Work order: Give back the full listing, character for character, with no pictures.
(Stored data begins)
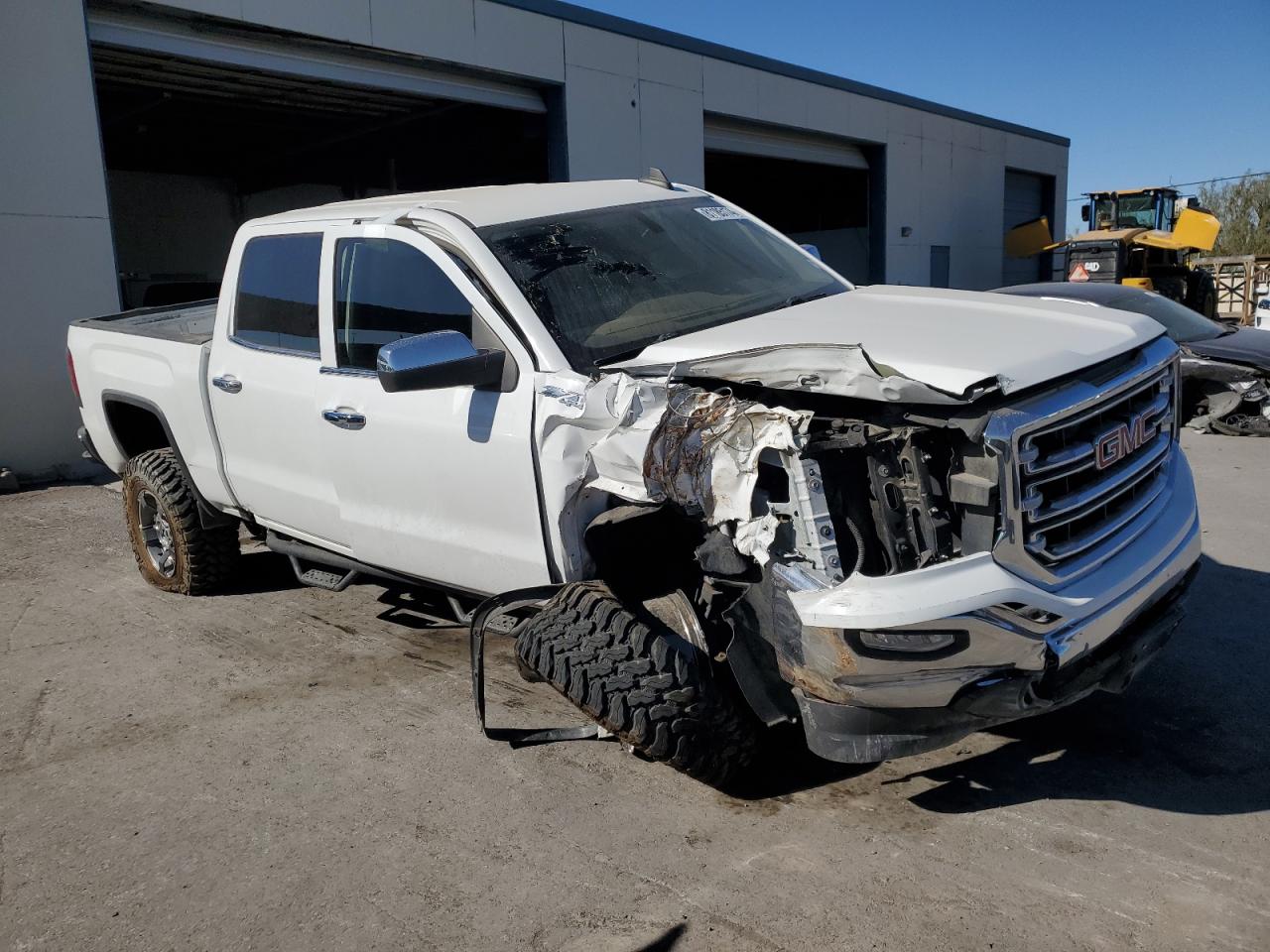 2017 GMC Sierra - Image 4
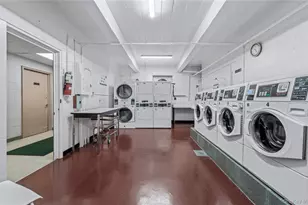 88-08 151st Ave, Howard Beach, NY 11414 - Photo 15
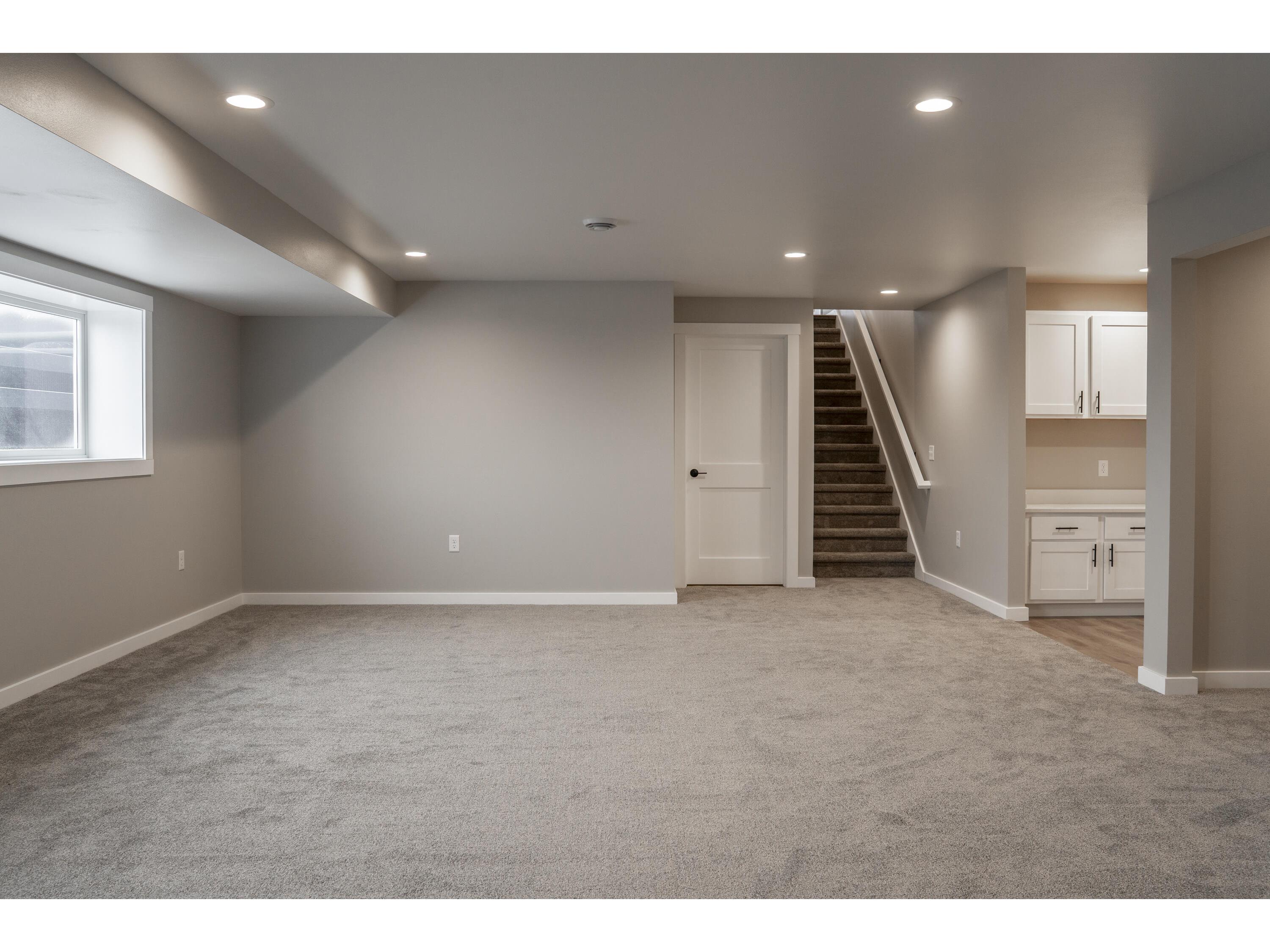 W4952 Battlestone Station #25 Shelby WI 54601 1939726 image21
(Stored data ends)
Output for this task:
 2017 GMC Sierra - Image 4
 88-08 151st Ave, Howard Beach, NY 11414 - Photo 15
 W4952 Battlestone Station #25 Shelby WI 54601 1939726 image21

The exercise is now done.